- **Given data**
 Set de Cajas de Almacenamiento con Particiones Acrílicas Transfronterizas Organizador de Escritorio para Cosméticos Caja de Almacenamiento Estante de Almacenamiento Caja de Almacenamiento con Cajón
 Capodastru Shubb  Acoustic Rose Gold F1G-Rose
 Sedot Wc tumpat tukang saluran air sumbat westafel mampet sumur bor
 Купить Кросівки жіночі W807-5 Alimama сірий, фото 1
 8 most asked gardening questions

...

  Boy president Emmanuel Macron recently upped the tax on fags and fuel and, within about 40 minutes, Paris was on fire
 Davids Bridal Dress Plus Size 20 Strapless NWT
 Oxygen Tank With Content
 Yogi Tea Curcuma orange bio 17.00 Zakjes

...

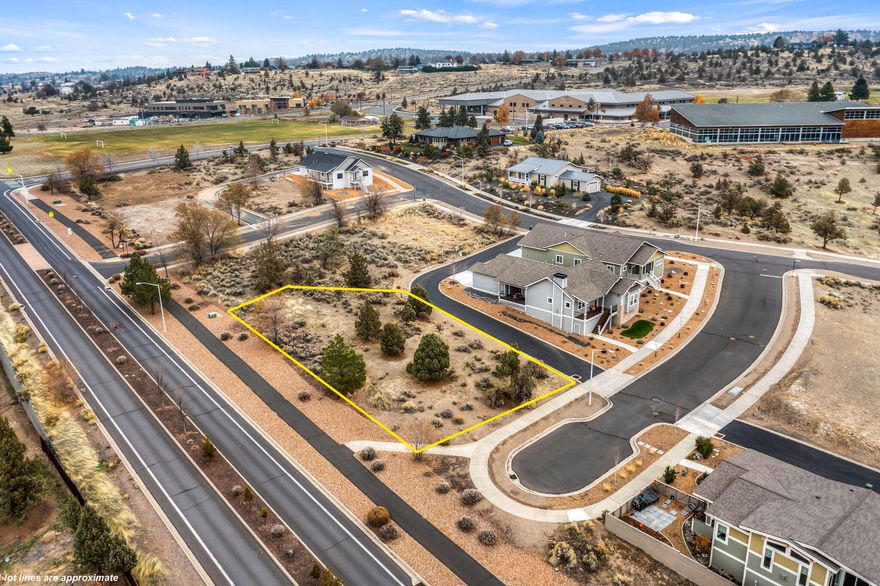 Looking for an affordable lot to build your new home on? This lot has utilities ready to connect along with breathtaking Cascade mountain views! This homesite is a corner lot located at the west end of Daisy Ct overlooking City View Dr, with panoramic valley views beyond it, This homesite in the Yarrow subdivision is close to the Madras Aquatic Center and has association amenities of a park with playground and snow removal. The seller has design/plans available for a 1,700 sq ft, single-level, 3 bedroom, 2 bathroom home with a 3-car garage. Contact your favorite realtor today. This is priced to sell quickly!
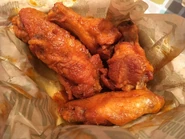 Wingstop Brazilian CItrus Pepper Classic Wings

- **Work order**
All lines in the listing above between the line with "Oxygen Tank With Content" and the line with "Yogi Tea Curcuma orange bio 17.00 Zakjes", inclusive, should be set down exactly, and no line outside that range.

- **Solution below**
 Oxygen Tank With Content
 Yogi Tea Curcuma orange bio 17.00 Zakjes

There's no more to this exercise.